## RECORDS PROVIDED
------------------------------
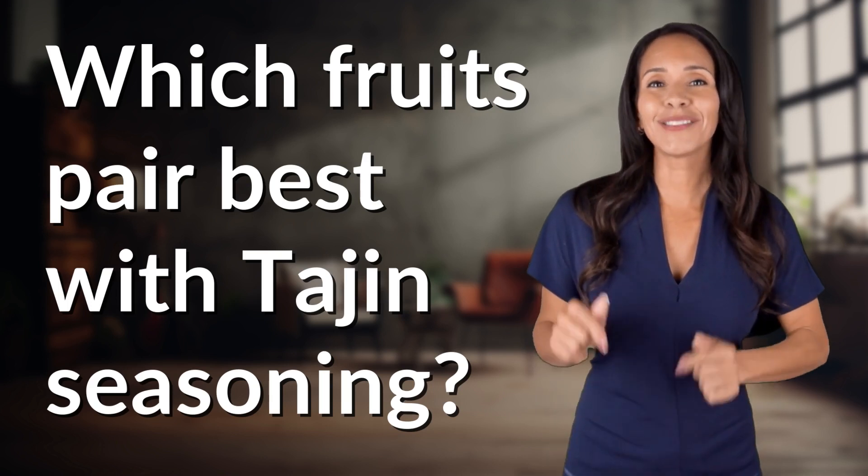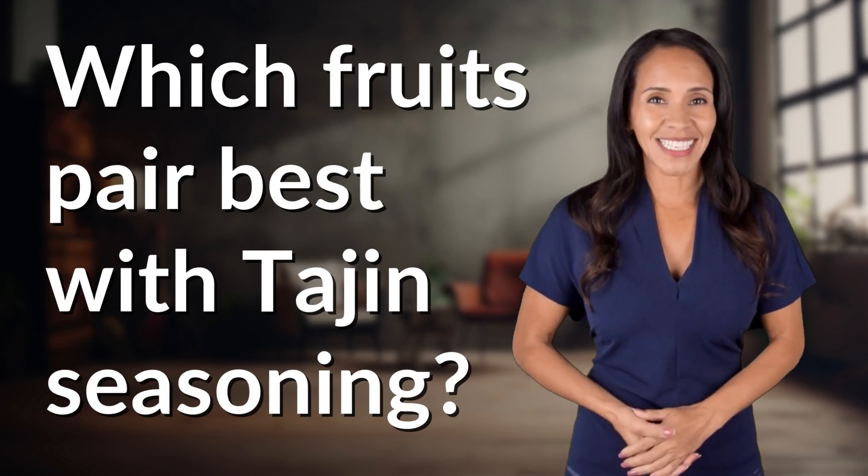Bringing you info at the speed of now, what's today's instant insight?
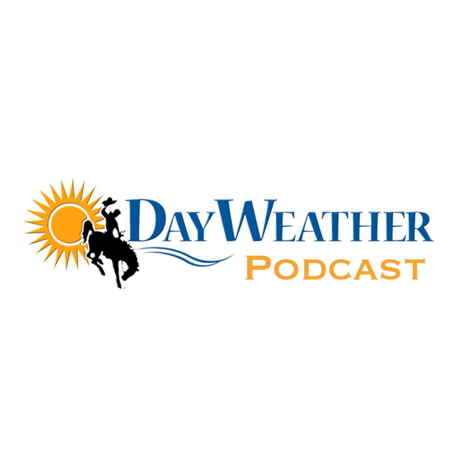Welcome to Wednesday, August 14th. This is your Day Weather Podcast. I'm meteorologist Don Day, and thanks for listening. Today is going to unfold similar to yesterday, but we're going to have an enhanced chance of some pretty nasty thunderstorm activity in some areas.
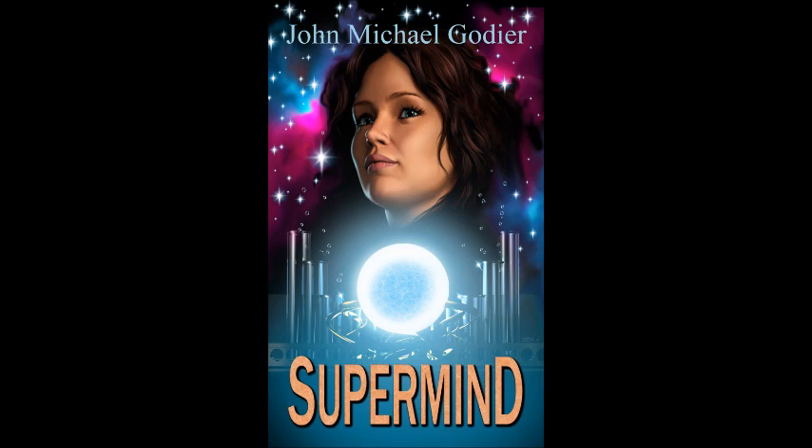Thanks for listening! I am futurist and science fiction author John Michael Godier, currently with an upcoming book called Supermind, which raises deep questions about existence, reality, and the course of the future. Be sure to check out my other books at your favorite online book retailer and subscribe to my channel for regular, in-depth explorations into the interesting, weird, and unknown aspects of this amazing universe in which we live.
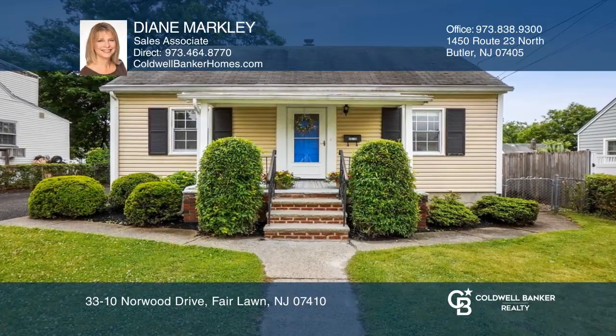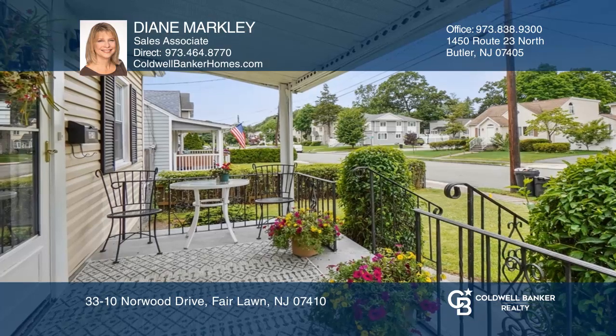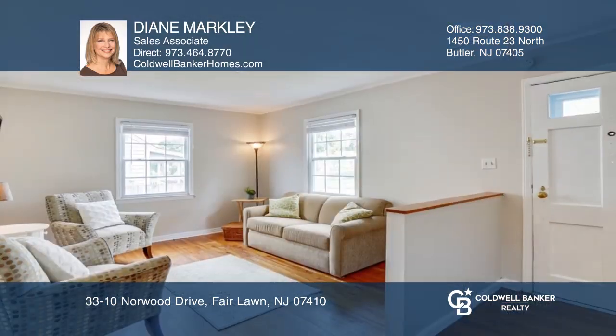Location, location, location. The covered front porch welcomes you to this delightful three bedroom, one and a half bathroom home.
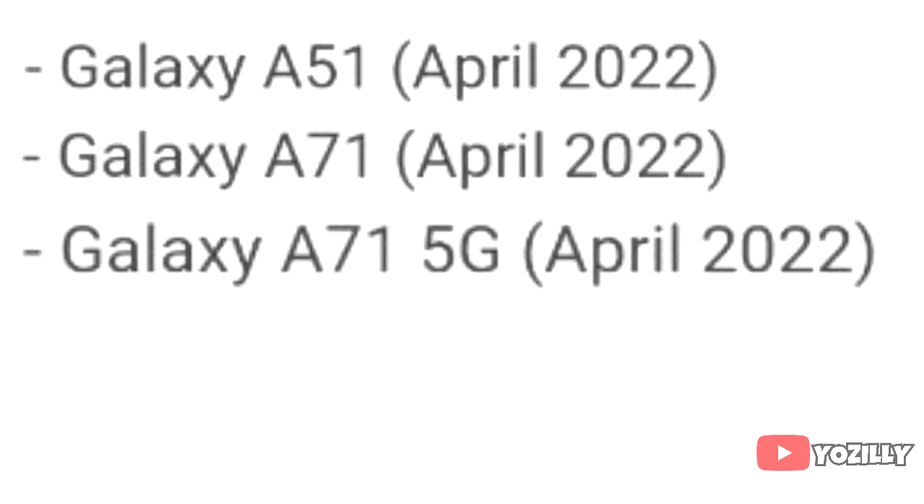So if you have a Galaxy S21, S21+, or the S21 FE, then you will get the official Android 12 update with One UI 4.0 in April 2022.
------------------------------
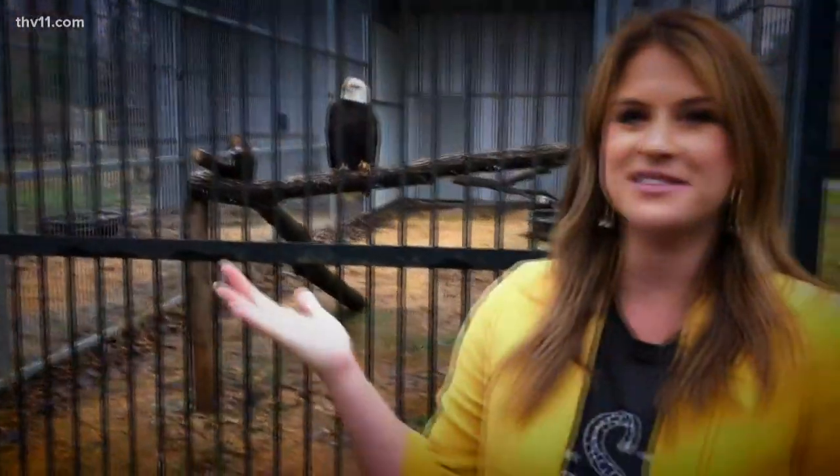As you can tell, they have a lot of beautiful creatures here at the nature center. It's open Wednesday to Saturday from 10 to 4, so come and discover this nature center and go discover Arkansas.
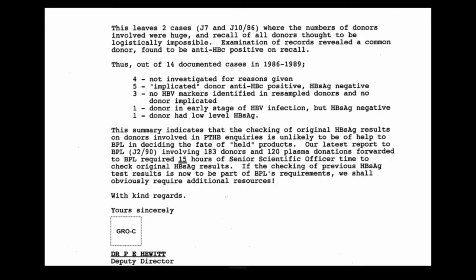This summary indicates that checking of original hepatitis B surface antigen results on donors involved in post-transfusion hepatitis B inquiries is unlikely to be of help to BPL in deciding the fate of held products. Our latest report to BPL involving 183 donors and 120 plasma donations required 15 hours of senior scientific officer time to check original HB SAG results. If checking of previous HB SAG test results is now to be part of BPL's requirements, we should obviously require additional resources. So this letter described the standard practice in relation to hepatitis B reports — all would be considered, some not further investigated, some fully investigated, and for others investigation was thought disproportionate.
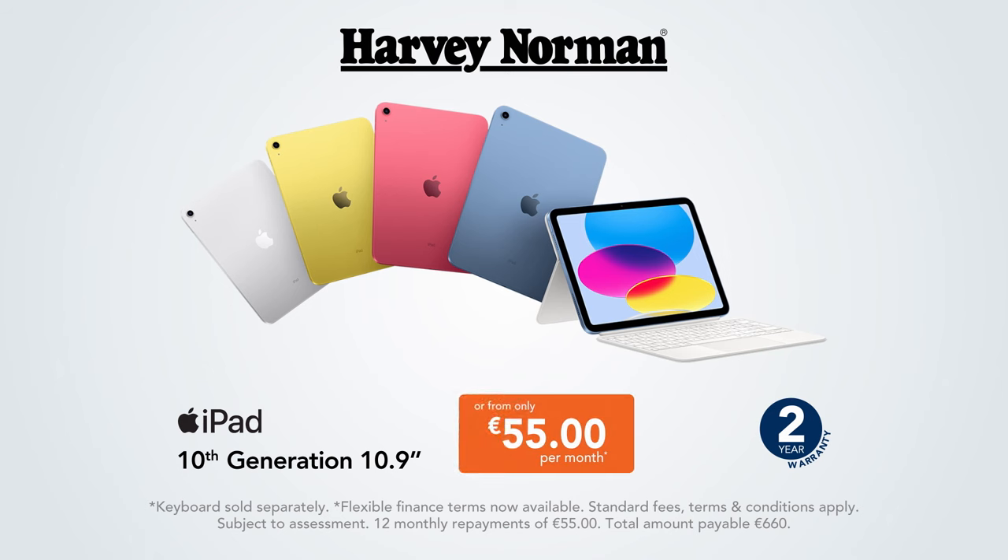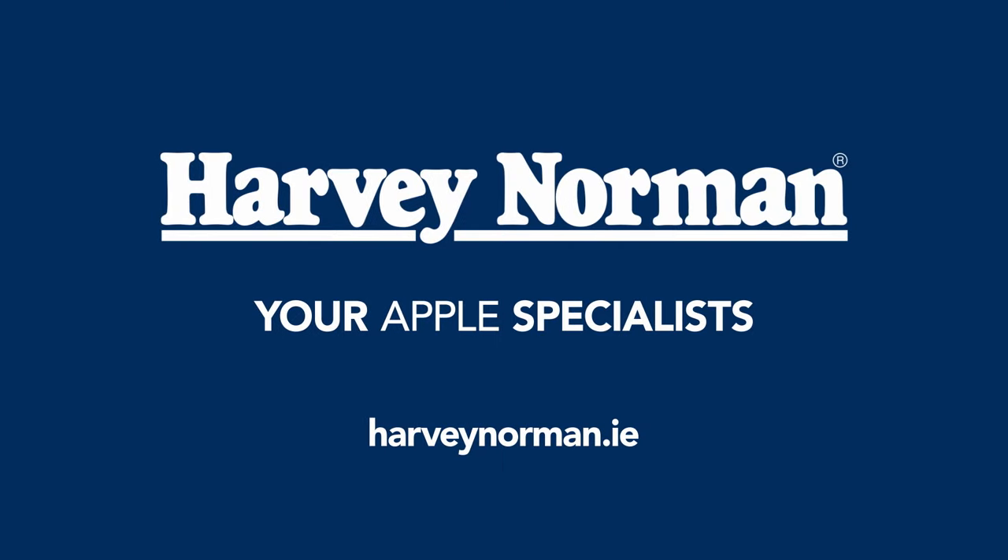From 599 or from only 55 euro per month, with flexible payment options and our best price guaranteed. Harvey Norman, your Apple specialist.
------------------------------
## PROMPT
Reproduce exactly the lines of the data above that run from the line with "This summary indicates" down to the line with "From 599 or", both ends included. Pictures do not belong in the copy.

## RESULT BELOW
This summary indicates that checking of original hepatitis B surface antigen results on donors involved in post-transfusion hepatitis B inquiries is unlikely to be of help to BPL in deciding the fate of held products. Our latest report to BPL involving 183 donors and 120 plasma donations required 15 hours of senior scientific officer time to check original HB SAG results. If checking of previous HB SAG test results is now to be part of BPL's requirements, we should obviously require additional resources. So this letter described the standard practice in relation to hepatitis B reports — all would be considered, some not further investigated, some fully investigated, and for others investigation was thought disproportionate.
From 599 or from only 55 euro per month, with flexible payment options and our best price guaranteed. Harvey Norman, your Apple specialist.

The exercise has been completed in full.